I can imagine the scene the following morning. No eye contact. Relationship counselling to follow.

I felt like Harvey Keitel in Pulp Fiction as I reached for a 4-gallon drum of bleach.

*

The old couple rolled back into reception about four hours later. The rain was still falling, and looked set in. Just my luck, I’d need the drains re-done, and with last month’s rent overdue. Sometimes I wondered whether it would be easier to go back to working for the State, but no, I’d starve before that happened.

They looked hopeful, like I’d found their lost schnauzer or something. I couldn’t believe it, they actually wanted me to find a dead body in the rose garden, killed with a broken bottle shiv.

I was almost tempted to tell them what I’d found. But I couldn’t do it. There was already enough pain in the world.

“It was nothing,” I said. “The cleaner told me that she’d cut her hand on a broken light bulb. It was a little bit of her blood that she must have missed cleaning up.  She asked me to apologise.”

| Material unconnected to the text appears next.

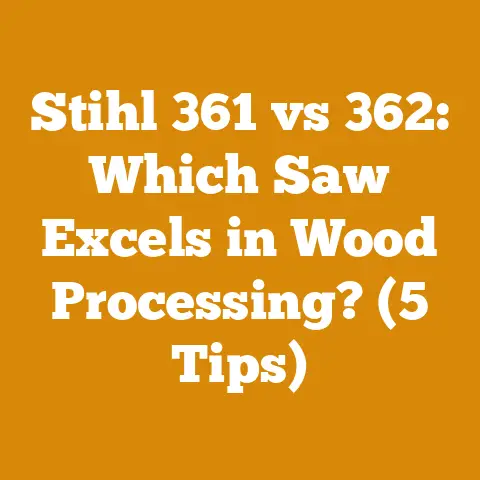 Stihl 361 vs 362: Which Saw Excels in Wood Processing? (5 Tips)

They looked disappointed. I went on.

“I gave the whole bathroom a good cleaning. You shouldn’t have any problems now. Have a good night.”

They went upstairs like they had lead in their shoes. I shouldn’t judge them too harshly. They only wanted a little excitement in their dreary lives. A lot of people do. Not me.

I never saw them again. They checked out the next day without saying goodbye. They did leave something behind, although whether it was a tip or an accident is a mystery that remains unsolved.

Either way, I ended up the richer, but not by much.

Two dollars and half a pack of cigarettes.